I would like to, but I have a 3 year old son, so I don't travel with the air show crew these days. They do shows throughout the air show season and depending on the show, some or all of our flyable aircraft attend. The farthest east they tarvel is to Texas for the big show in Midland. I have yet to attend the arishow in Midland, but plan to do so when my son gets a little older. That is the main CAF show and it is the largest WWII airshow in the US, maybe the world. 

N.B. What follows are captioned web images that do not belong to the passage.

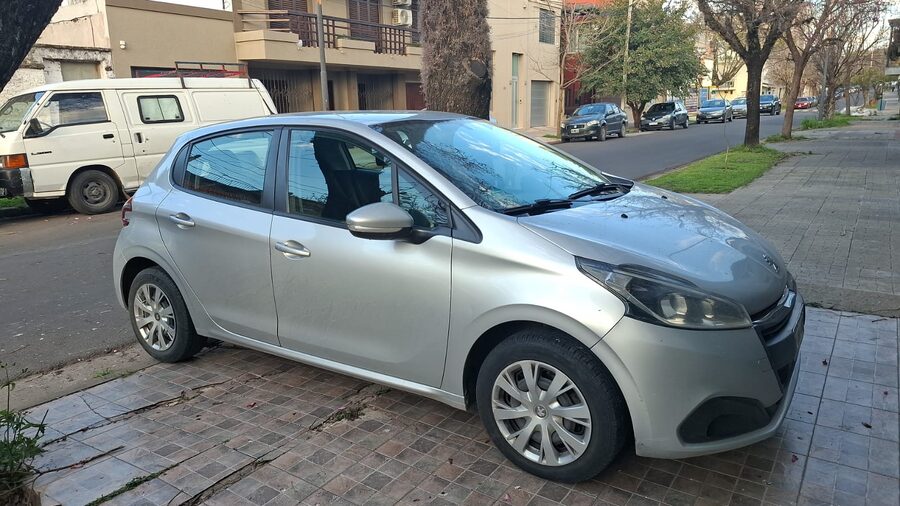 PEUGEOT 208 ACTIVE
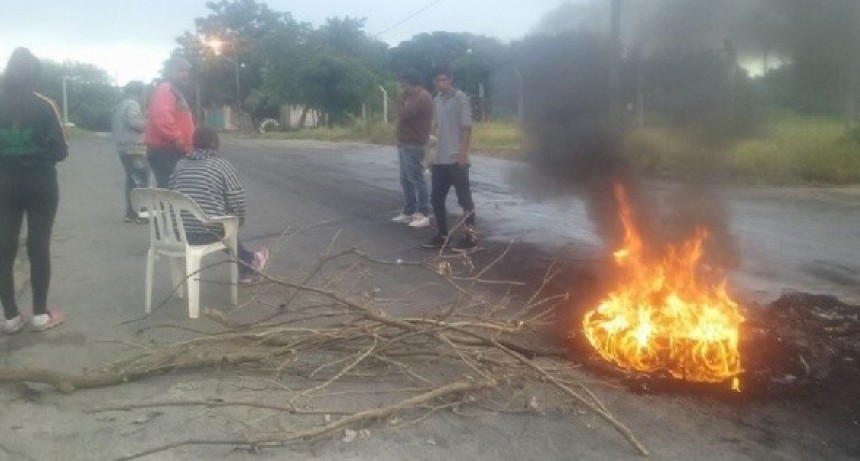 Protesta de vecinos en “Camino a la Virgen”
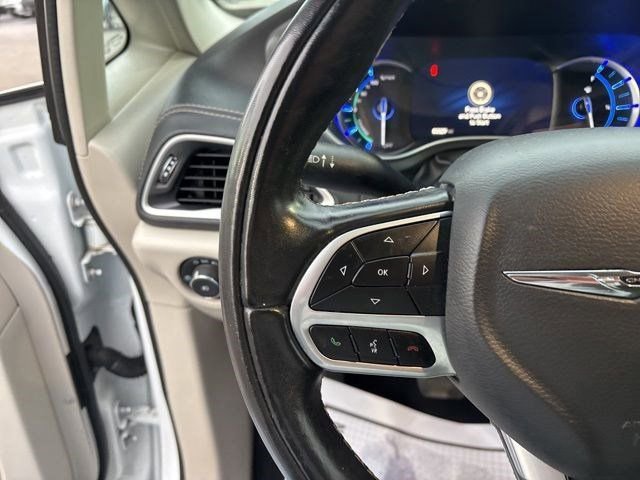 Used 2022 Chrysler Pacifica Touring-L w/ Uconnect Theater Family Group image 17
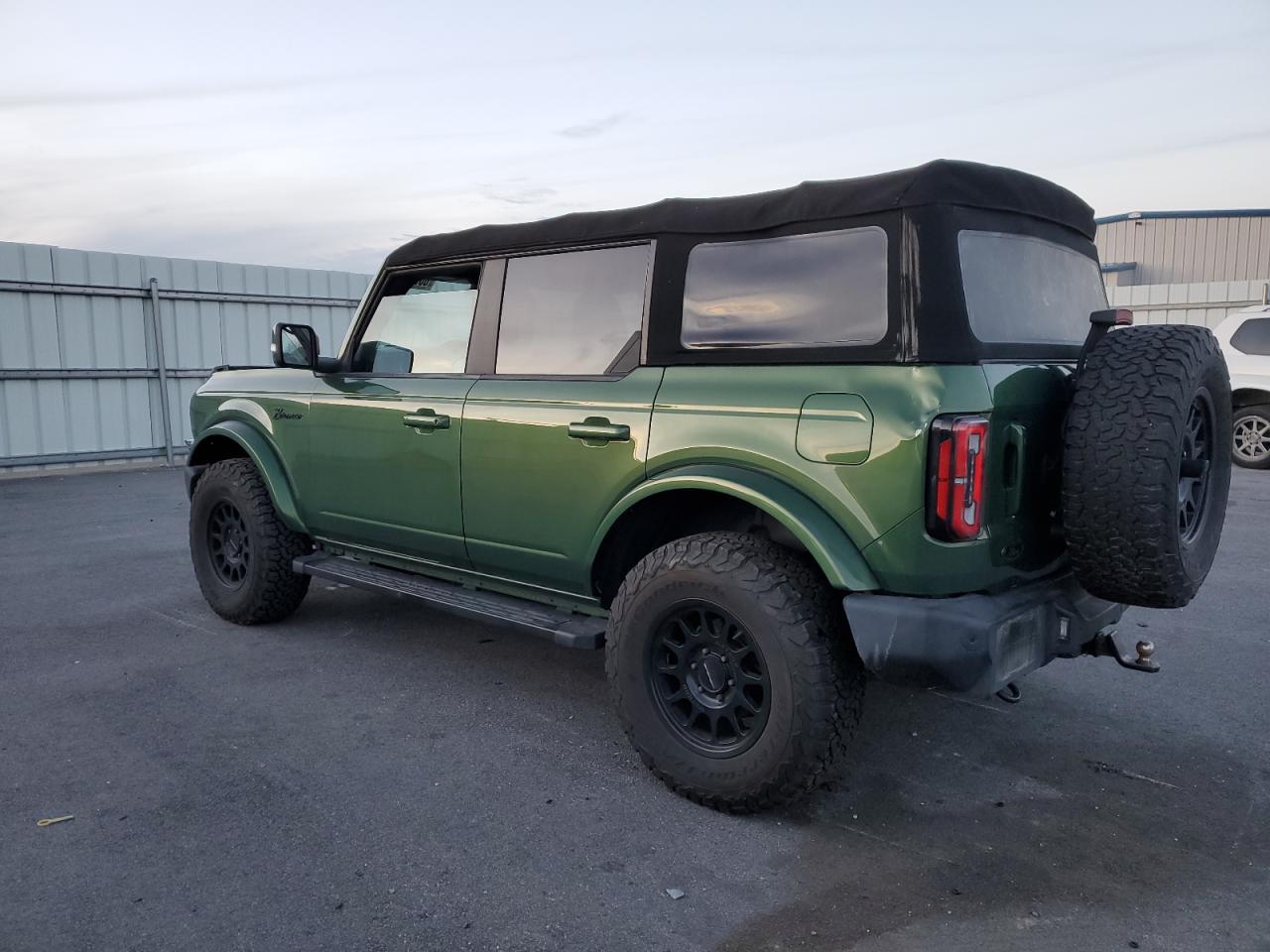 2022 FORD BRONCO BASE VIN:1FMEE5DP2NLB03109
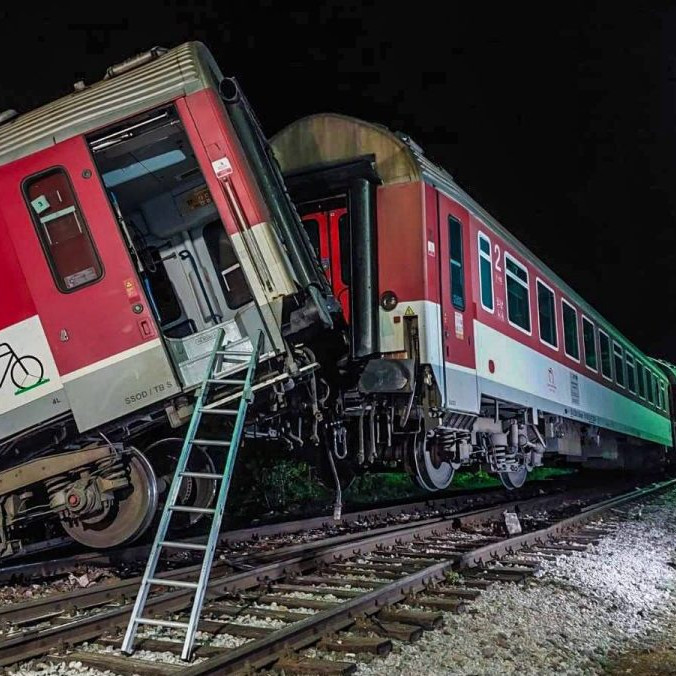zrážka dvoch rýchlikov na východe Slovenska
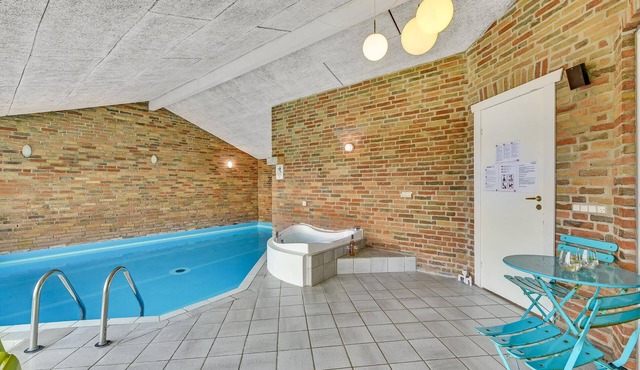 5 bedroom accommodation in Ringkøbing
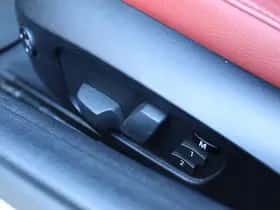 BMW Z4 (2010) thumbnail 17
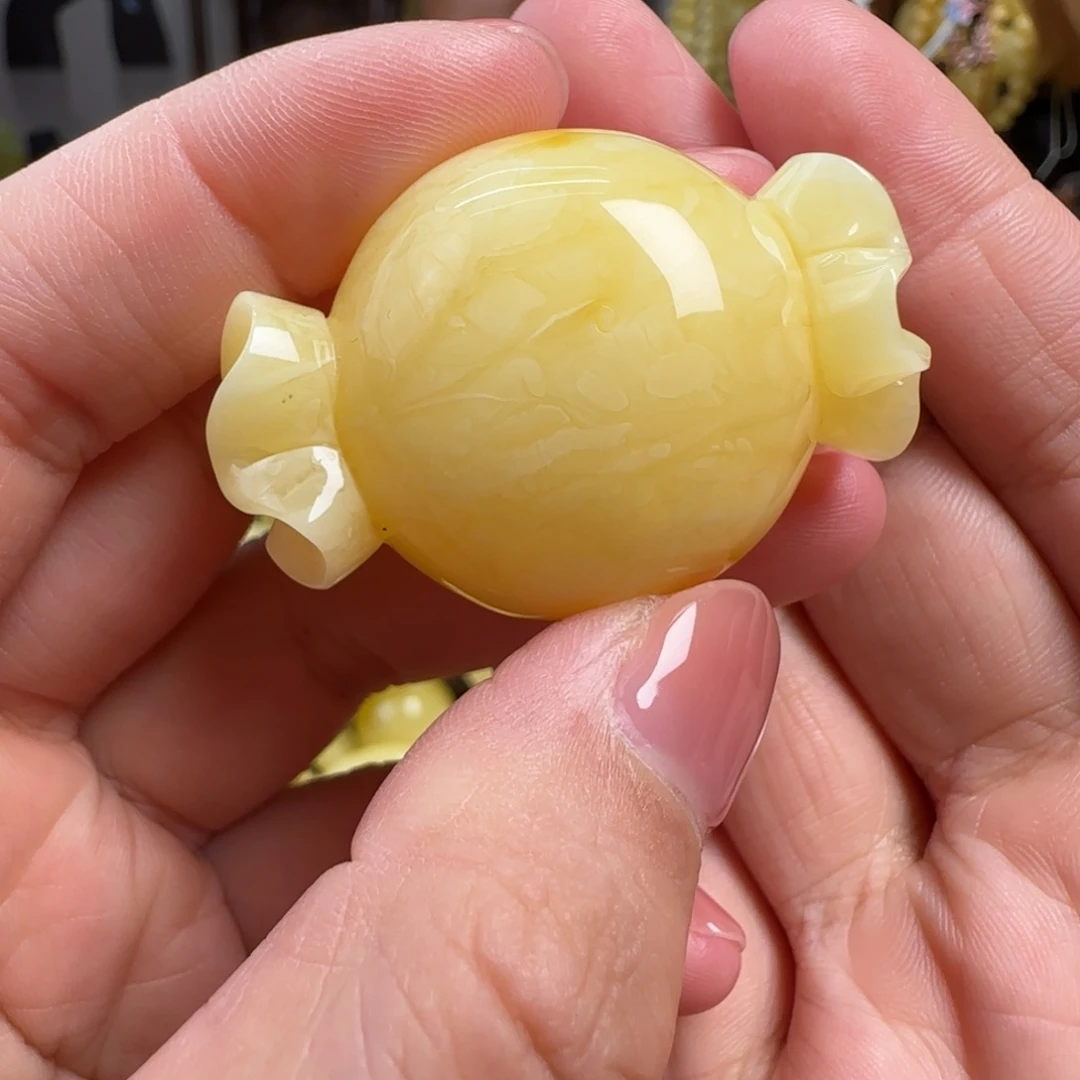 蜜蜡未镶嵌珠宝奇石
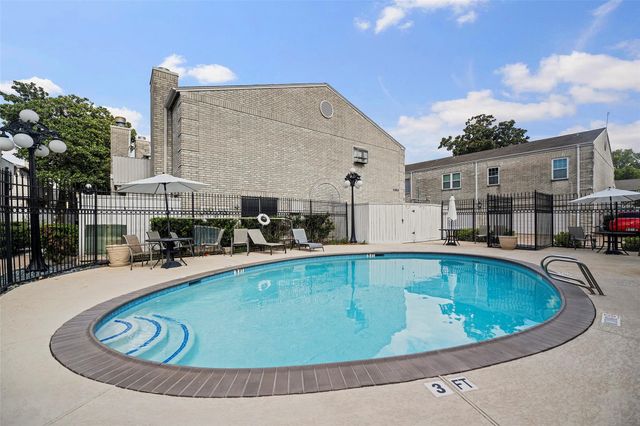 3800 Tanglewilde Street 402, Houston, TX 77063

This past Midland show, Paul Tibbetts was there, and past shows have had some big names there, including Bob Morgan. That is the only show here where they fly the B-17, B-24 and B-29 at the same time! I have only seen that on video. It must be quite a site and sound to witness!


----------



## DerAdlerIstGelandet (Jan 13, 2005)

When I lived in North Carolina they had a B-17 and a B-24 fly into Ashville Airport and it was quite neat. We got to go and climb through them and sit in the turrets and cockpit and stuff it was quite interesting.


----------



## evangilder (Jan 13, 2005)

If they were flying together, it was most likely the ones that belong to the Collings foundation. The B-24 has 2 different paint schemes, one side is "Dragon and it's tail", the othe side is "All American". The B-17 is "Nine-o-Nine". I got to see those back in April. They are indeed something to see.


----------



## DerAdlerIstGelandet (Jan 13, 2005)

I think that was them but I could have sworn that one of them had a Schlitz beer theme as its nose art. Dont laugh this was taken from an actual nose art theme from WW2. It was a half naked woman with Schlitz beer. But I do know the B-17 was Nine O Nine. This was back in 1994.


----------



## evangilder (Jan 13, 2005)

I would have to go back and look, but I think the woman featured on Dragon and It's Tail is holding a beer, now that I think about it. Let me check, I am sure I took a picture of that artwork.


----------



## evangilder (Jan 13, 2005)

No, not there. I am not sure about the Schlitz art...Hmm..


----------



## DerAdlerIstGelandet (Jan 13, 2005)

I have pictures of it but unfortunatly they are not digital and I have them at home in Germany, when I get back I will scan them and post one for you to see.


----------



## evangilder (Jan 13, 2005)

I'd be curious to see it. I know that some warbirds get touch-up on their artwork occasionally, and it could get modified. There was a 10 year span between when you saw it and I did, so there could have been some changes. Who knows!


----------



## DerAdlerIstGelandet (Jan 13, 2005)

Yeah maybe. When I get home I will deffinatly get them scanned and sent to you. 
Just a question how far is your chapter from Big Bear Lake in California?


----------



## evangilder (Jan 13, 2005)

I think its' about 2-3 hours or so, only a guess. It's a bit of a haul. Why?


----------



## DerAdlerIstGelandet (Jan 13, 2005)

My friend is getting married there in April. I am going to try to fly there to go to the wedding and if it was close eneough I would come and check it out.


----------



## evangilder (Jan 13, 2005)

I could get a better idea if I looked at a map. I will check for you and let you know. If you do plan on it, let me know and I will give you the VIP tour. We have stuff that isn't out on display that will blow your mind, including the only known Betty bombsight to survive the war!


----------



## DerAdlerIstGelandet (Jan 13, 2005)

Yeah that would be really great. I really do hope to be able to make it to Cali in April. It would be a great trip just to see Cali, I have never been there before and neither has my wife. Plus if it is pretty close and within driving distance it would be great to come by and see what you have. I am sure it would be well worth the drive and great to see all history there.


----------



## evangilder (Jan 13, 2005)

Well, I have extended that invite to everyone here. There is some great stuff. Depending on how much time you have, there is also a couple of amazing museums in Chino. Those are closer to Big Bear. Let me know as the time gets closer and I can see what we will have there at that time. That's at the beginning of the air show season, so it would be a shame to come out when all our planes are somewhere else.


----------



## DerAdlerIstGelandet (Jan 13, 2005)

Yeah but it would still be neat. I just have to see what the army has in store for me if I can even go to Cali.


----------



## the lancaster kicks ass (Jan 13, 2005)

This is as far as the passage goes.